# MATERIAL PROVIDED:

※

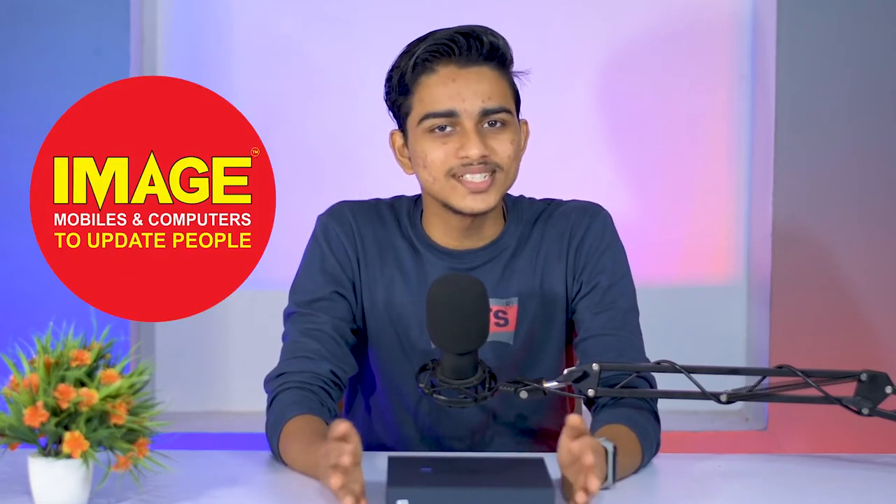Hello guys, welcome to Major Mobiles and Computers update. Today we have the Vivo X70 Pro. We have the phone in a few days. Let's unbox it.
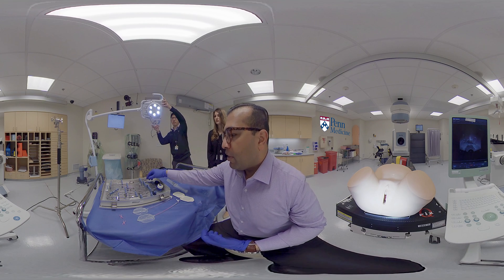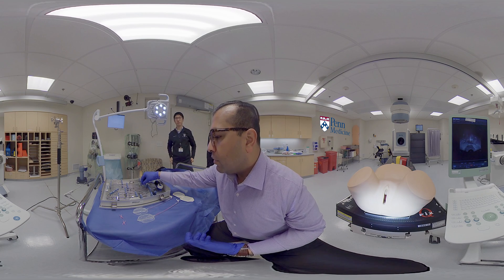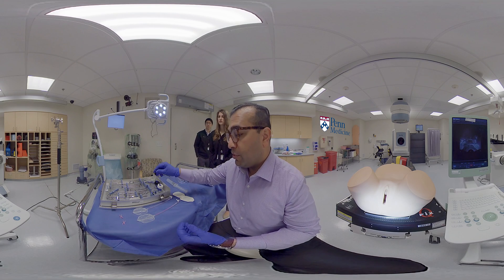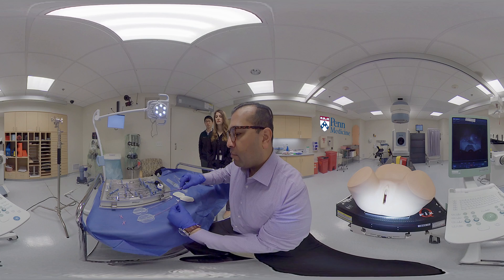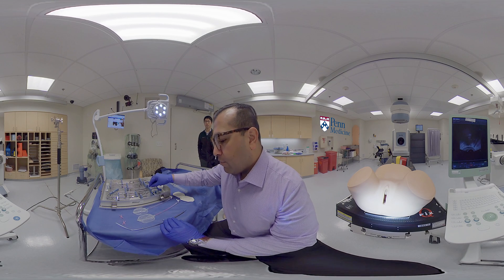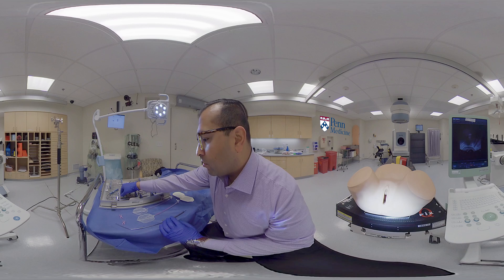To assemble the applicator, first you select which intrauterine tandem size and length you'll use. In this example, we will select a 45 degree, six centimeter intrauterine tandem. You can see it has this notch over here, as well as a post for which the ring will slide over and then screw onto. If you're selecting a 45 degree angle tandem, you use a matching 45 degree angle ring.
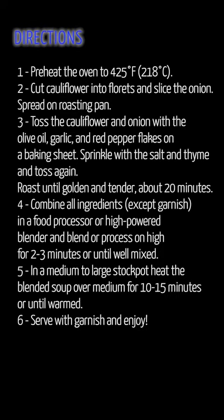Directions: 1. Preheat the oven to 425 degrees Fahrenheit (218 degrees Celsius). 2. Cut cauliflower into florets and slice the onion. Spread on a roasting pan. 3. Toss the cauliflower and onion with the olive oil, garlic, and red pepper flakes on a baking sheet, sprinkle with the salt and thyme and toss again.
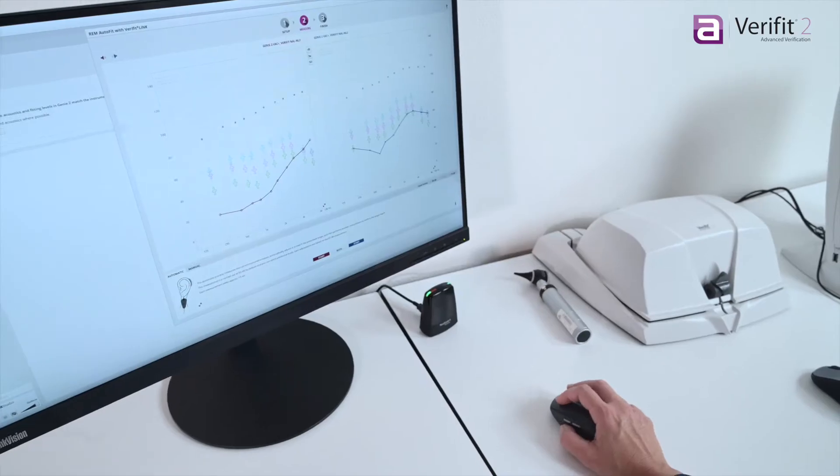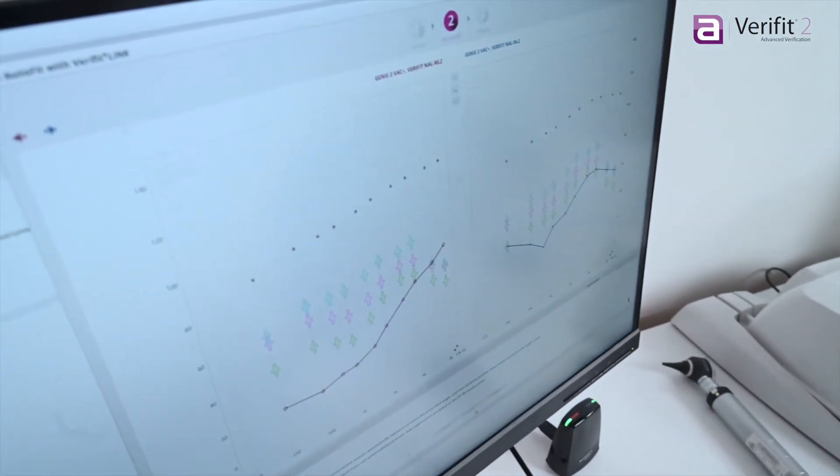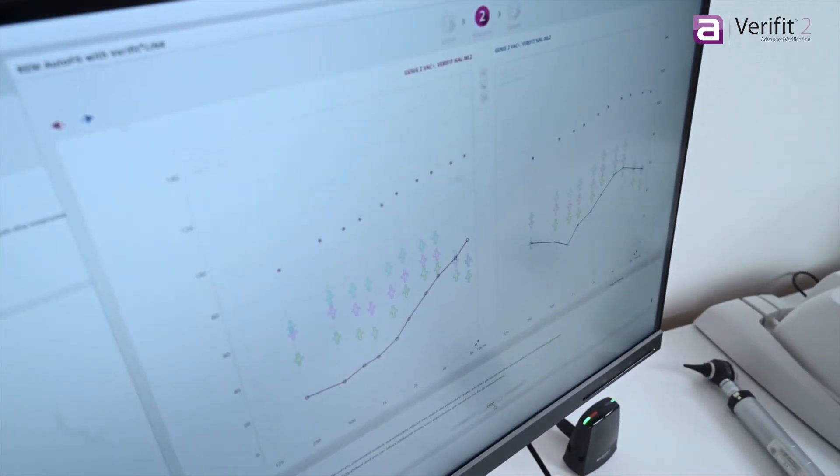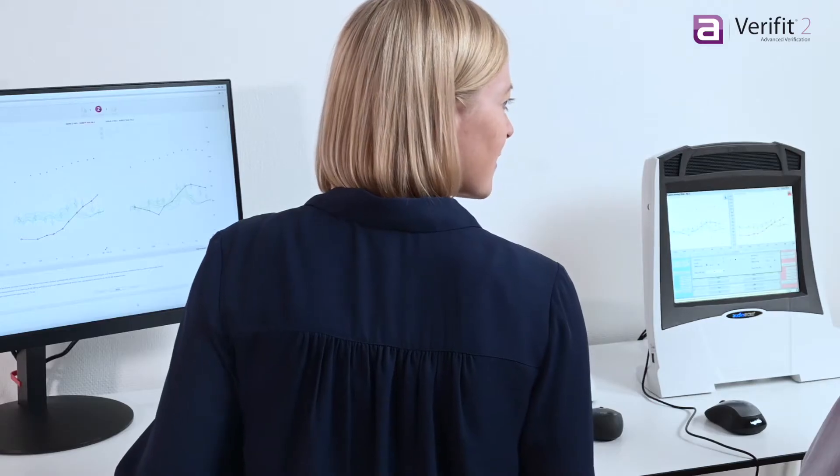VerifitLink automatically verifies and adjusts the client's hearing instruments to target through a direct connection to the fitting software. You save time and ensure best practice verification for each fitting.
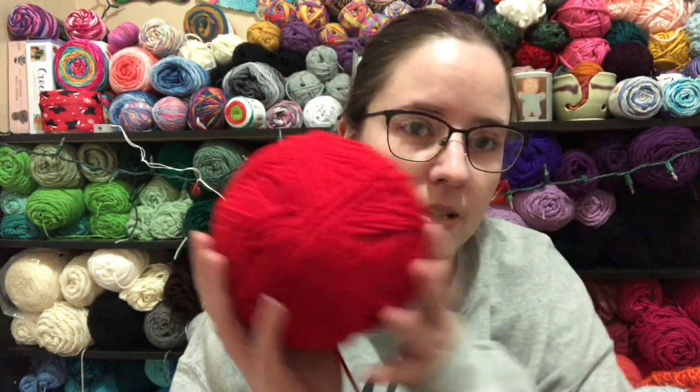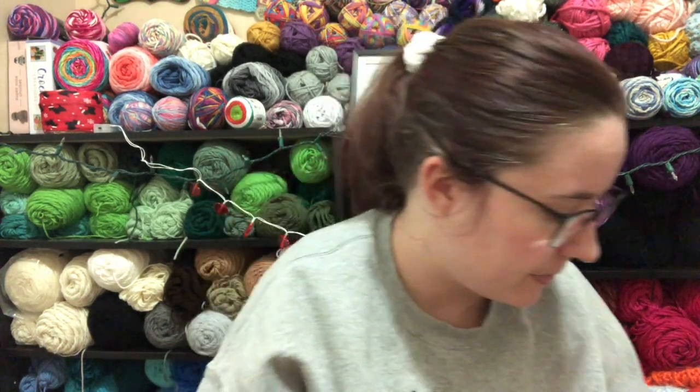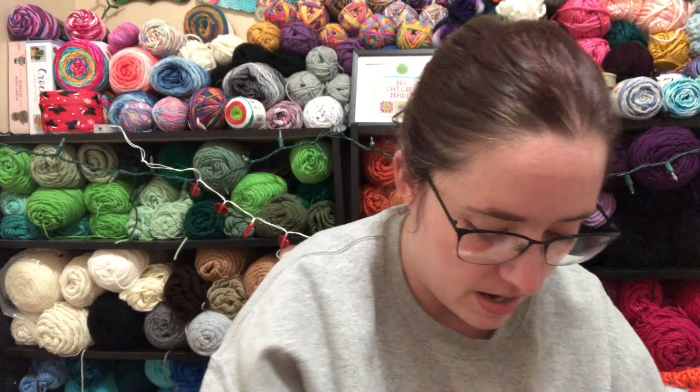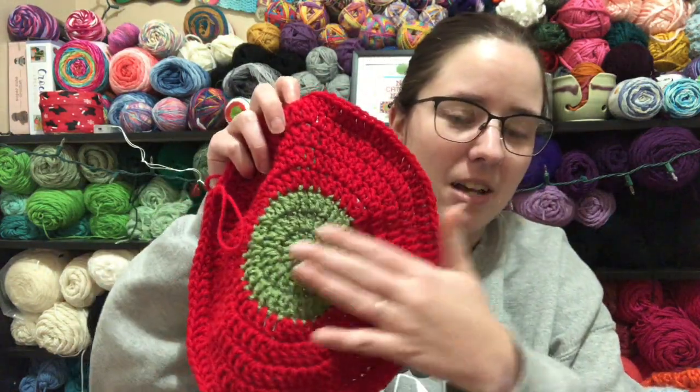I thought it was super cute, so I'm using a J hook. The yarns I'm using are a big ball of Red Heart Cherry Red and Red Heart Tea Leaf, and I'll also be using some white once I get it done. So far this is what I'm working on — this is the top of the hat. It's a beret, so it's big and floppy.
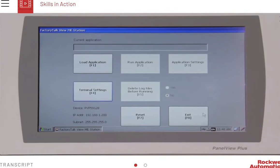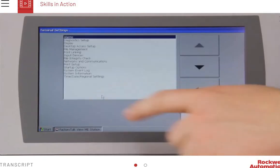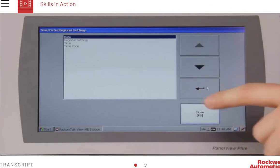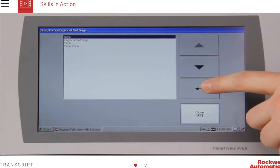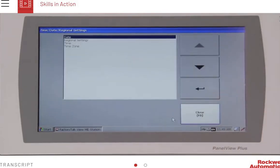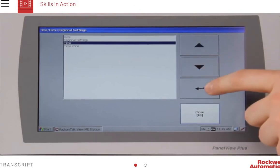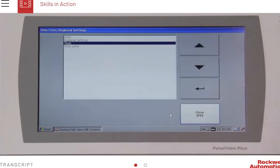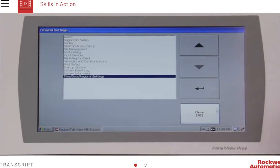To configure the date and time for your terminal, press Terminal Settings, select Time, Date, Regional Settings, and then press Enter. The Time, Date, Regional Settings screen appears, where you can select Date, Time, or Regional Settings. Press Date to open the Date screen, where you can configure the year, month, and day. Press OK when done. Press Time to open the Time screen, where you can configure the hour, minute, and seconds. Press OK when done. Press Close to return to the Terminal Settings screen.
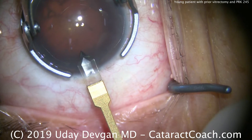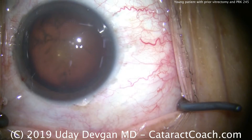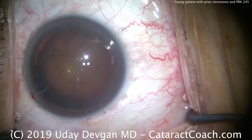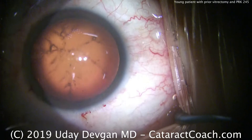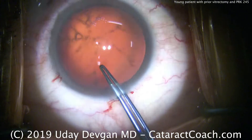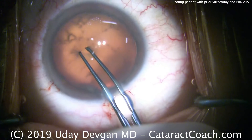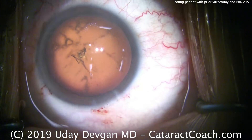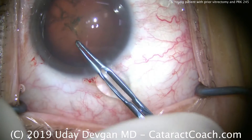We make a small entrance using the diamond keratome — a smaller than normal phaco incision so we can use the smaller sleeve. This is a very large eye, long axial length, very large white-to-white measurement. The patient had about 10 or 11 diopters of myopia, first treated with PRK, and then many years later had a retinal detachment requiring vitrectomy, followed by a second vitrectomy to remove a macular membrane.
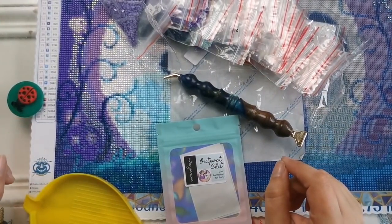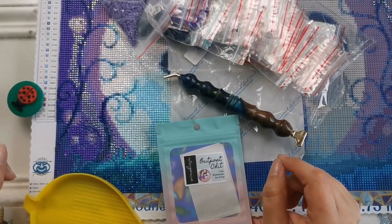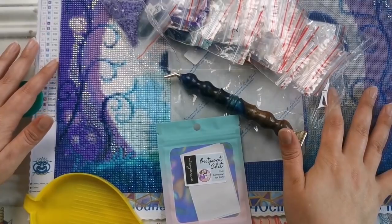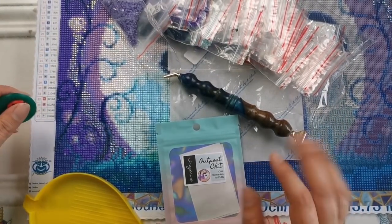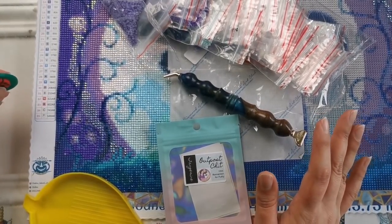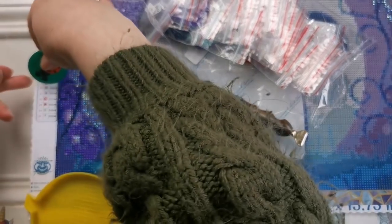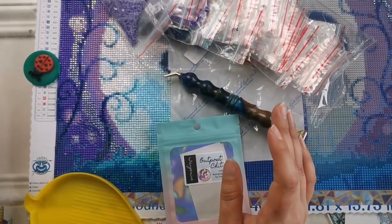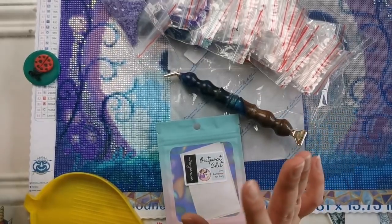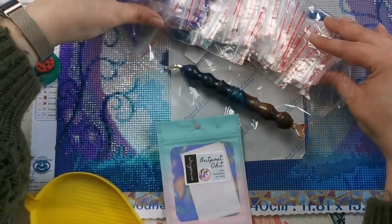Hello everyone, and welcome back to my channel. My name is Rachel Ray. Today I finally have a whip and chat for you all. First of all, I'm really, really sorry for not uploading one sooner. I had intended to, but it's been very busy since I got back from Germany. It's just been kind of crazy.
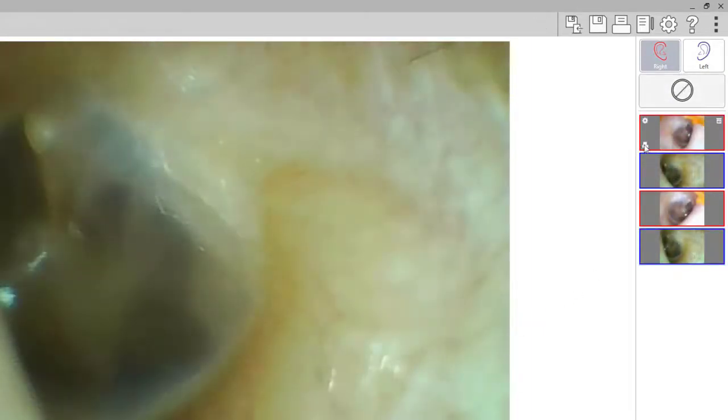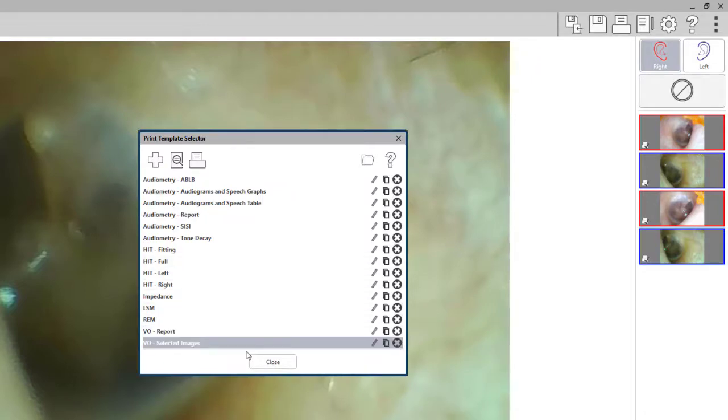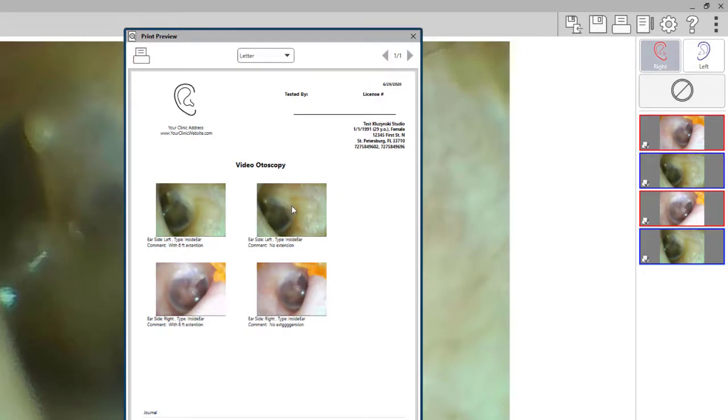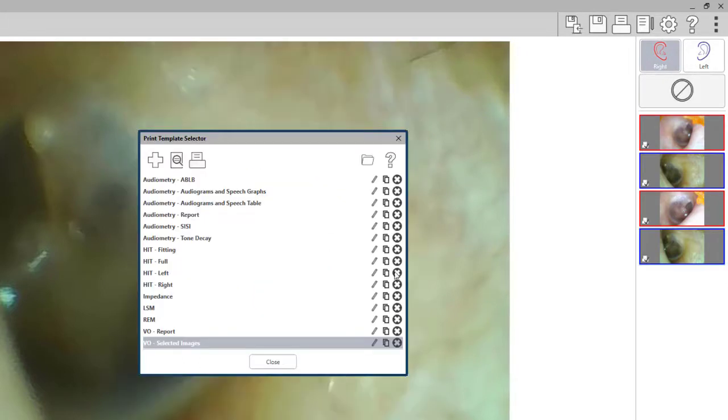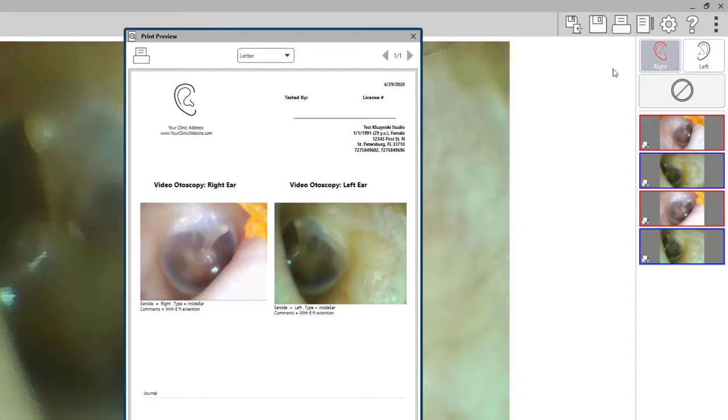For example, if we select all of the photos to show on the template, when you click on the print icon and you select your template, you will see that all four images that were selected are shown. If you would like just the individual images, you can see that the last one on each side and each type will show on your template.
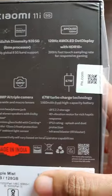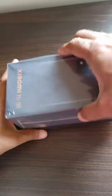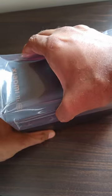Hello friends, today we are going to do the unboxing of Xiaomi 11i 5G mobile. I have purchased this mobile from the official website for 20,500 rupees. This is the 8GB 128GB variant.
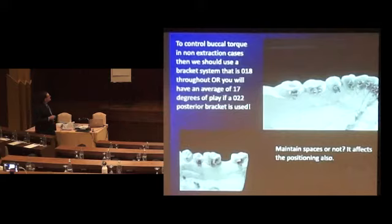Here is what I talked about outside — on her table. See that? That's a labial bracket — an 018-slot labial bracket bonded on the lingual. We can do it. Some brackets, you can bond labial brackets on a lingual. But don't try and bond a labial bracket on a lingual incisor.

※

# TO DO:
Word for word, restate the lines above from the one with "Directions: 1. Preheat" through the one with "I thought it", keeping both ends and dropping the pictures.

# EXERCISE RESPONSE:
Directions: 1. Preheat the oven to 425 degrees Fahrenheit (218 degrees Celsius). 2. Cut cauliflower into florets and slice the onion. Spread on a roasting pan. 3. Toss the cauliflower and onion with the olive oil, garlic, and red pepper flakes on a baking sheet, sprinkle with the salt and thyme and toss again.
VerifitLink automatically verifies and adjusts the client's hearing instruments to target through a direct connection to the fitting software. You save time and ensure best practice verification for each fitting.
I thought it was super cute, so I'm using a J hook. The yarns I'm using are a big ball of Red Heart Cherry Red and Red Heart Tea Leaf, and I'll also be using some white once I get it done. So far this is what I'm working on — this is the top of the hat. It's a beret, so it's big and floppy.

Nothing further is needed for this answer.